Deep Structural Network Embedding (KDD 2016) in Keras
Motivation
In this project, I implemented the algorithm in Deep Structural Network Embedding (KDD 2016) using Keras
The algorithm in the paper actually blew my mind because:
- it uses auto-encoder for representation learning in an interesting way
- the experiment result really demonstrates its superiority
To see how it works in reality, I set out to implement it by myself.

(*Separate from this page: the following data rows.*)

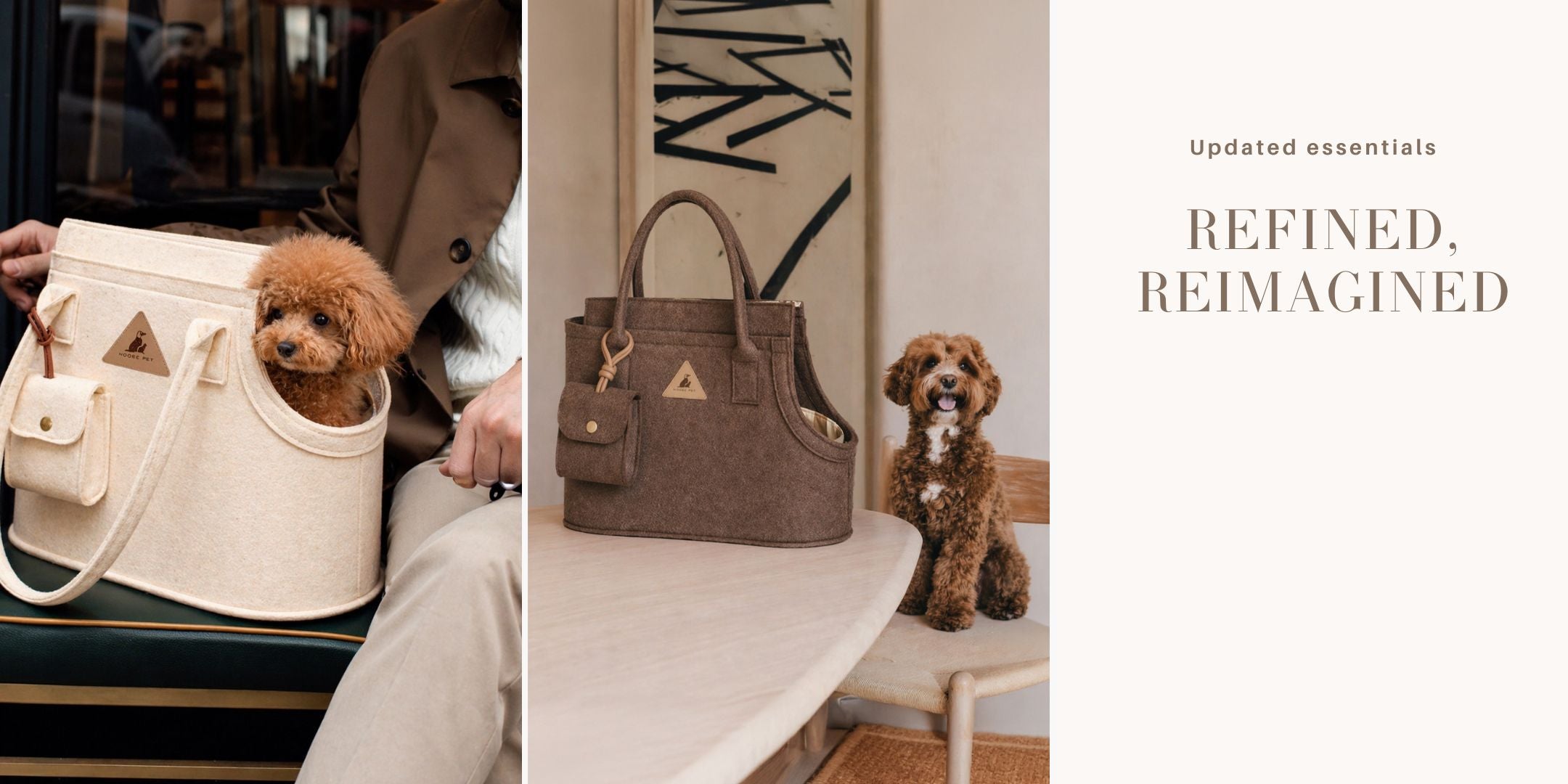 Cream and brown Nooee Pet Ash bags with dogs, showing updated structured design and larger pouch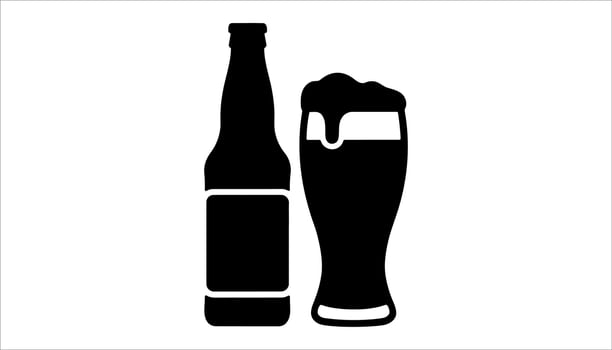 Bottle and glass of beer ico vector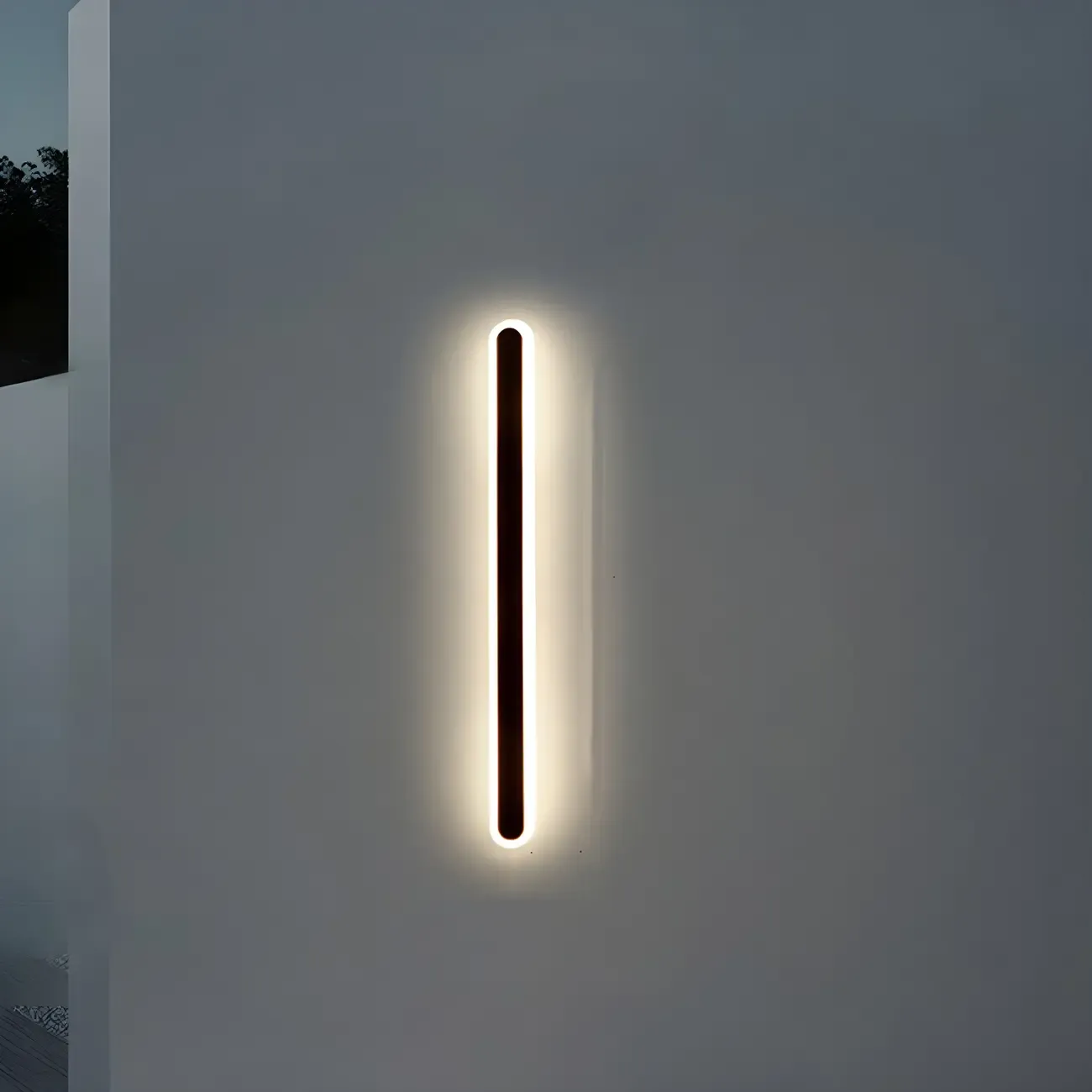 Modern Slim Oval Natural Light LED Outdoor Wall Light - HomeyFad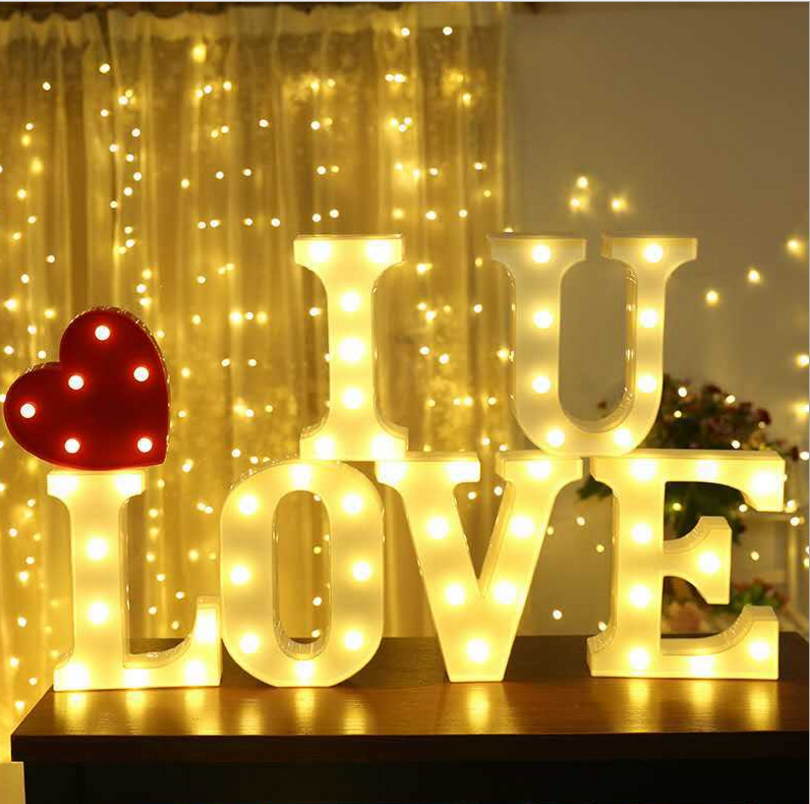 3D Led Marquee Letter Lights and Numbers Light Up 26 Alphabet Letters Sign Birthday Wedding Party Night Lamp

During the process, I gained some hand-on experience on:
- Keras’s basics, defining custom loss function, defining custom callback, auto-encoder basics and implementing it in keras
- hyper-parameter tuning: grid search
- tensorboard visualization/exploration, one good example
- the code is hosted in github
The algorithm
I describe the algorithm very briefly. For more details, I recommend reading the papers
Firstly, the algorithm’s goal is to learn low dimensional embedding for each node.
Then for this goal, the loss function captures two aspects:
- neighboring nodes should have embeddings close to each other (“1st order proximity” referred in the paper)
- each node’s embedding should be able to predict its neighboring nodes (“2nd order proximity” referred in the paper )
The auto-encoder comes into play for 2nd order proximity.
The algorithm implemented in Keras
First, we define the loss functions in the paper:
import math
import networkx as nx
import numpy as np
from functools import reduce
import keras
from keras import Model, backend as K, regularizers
from keras.layers import Dense, Embedding, Input, Reshape, Subtract, Lambda
def build_reconstruction_loss(beta):
"""
return the loss function for 2nd order proximity
beta: the definition below Equation 3"""
assert beta > 1
def reconstruction_loss(true_y, pred_y):
diff = K.square(true_y - pred_y)
# borrowed from https://github.com/suanrong/SDNE/blob/master/model/sdne.py#L93
weight = true_y * (beta - 1) + 1
weighted_diff = diff * weight
return K.mean(K.sum(weighted_diff, axis=1)) # mean square error
return reconstruction_loss
def edge_wise_loss(true_y, embedding_diff):
"""1st order proximity
"""
# true_y supposed to be None
# we don't use it
return K.mean(K.sum(K.square(embedding_diff), axis=1)) # mean square error
Then the main algorithm
class SDNE():
def __init__(self,
graph,
encode_dim,
weight='weight',
encoding_layer_dims=[],
beta=2, alpha=2,
l2_param=0.01):
"""graph: nx.Graph
encode_dim: int, length of inner most dim
beta: beta parameter under Equation 3
alpha: weight of loss function on self.edges
"""
self.encode_dim = encode_dim
###################
# GRAPH STUFF
###################
self.graph = graph
self.N = graph.number_of_nodes()
self.adj_mat = nx.adjacency_matrix(self.graph).toarray()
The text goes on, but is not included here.